1. Power with – Having a power-with mindset means that we acknowledge where each person is different and use those differences to build collective strength. Where you might be weak, others might be strong and the opposite is also true. A daring leader doesn’t need to have all the answers because she acknowledges the gifts her team members have and gives them space to collaborate for the greater good. Power with is not a threat to her role, rather a testament of her ability to harness individual strengths to make a larger impact.   

2. Power to – A daring leader believes that those around her haven’t fully tapped into their potential. She believes that each person has the ability to make a difference and her job is to help them do just that. She paves the way for them to be the best version of themselves by sharing of herself. She does this by delegating high-profile projects, asking for input before making a decision, or assigning challenging tasks designed to help others grow. Just as a candle’s light doesn’t dim when shared, a leader who shares her power only multiplies her influence.

3. Power within – There is a fine line between having self-confidence and being egotistical, and a daring leader stands firm in her self-worth without being self-absorbed. She doesn’t feel the need to puff up her chest or belittle her team members in order to prove her worth because she is confident in who she is and what she brings to the table. A daring leader isn’t afraid to challenge assumptions, push the status quo, or question long-held beliefs when it’s the right thing to do instead of using these tactics as a power move. 
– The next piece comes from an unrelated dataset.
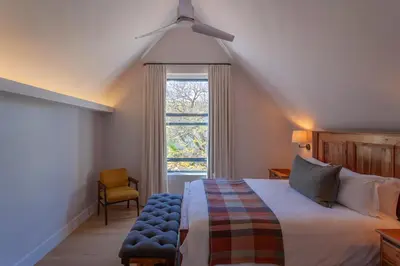 a bedroom with a bed and a window and a chair at Minserie Collection in Stellenbosch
As daring leaders, we have the responsibility to bring our whole hearts into leadership.

Minouche Shafik, director of the London School of Economics perfectly sums up the future of leadership when she said, “In the past, jobs were about muscles, now they’re about brains, but in the future they’ll be about the heart.”

Will it be easy? No. 

Will it be uncomfortable? Yes.

Will we need to be vulnerable? Most certainly, yes.

Our first step? We need to be willing to take off our armor and dismantle everything that we use to protect us. Our perfectionism, our need to be right, our need to be liked, using busy as a status symbol, collecting gold stars, exerting power-over, leading from hurt, hustling for our worth, working from scarcity… that stuff sure gets heavy if we hold it long enough!

Our second step is to leverage our greatest asset… our heart... and be willing to rumble with vulnerability, live into our values, build vulnerability-based trust, and learn to rise strong when we get knocked down. For that is what daring leaders are made from.

I encourage you to join me in this daring leadership journey. I’ll be sharing how I’m applying the work of Brené Brown (from her Dare to Lead book) to my own leadership opportunities in the coming months. 

PS - You’ll be happy to know that I moved to the new position that prompted this discussion and stayed with the organization for ten more years. There was always a slight chance of restructuring but I never reported to her again.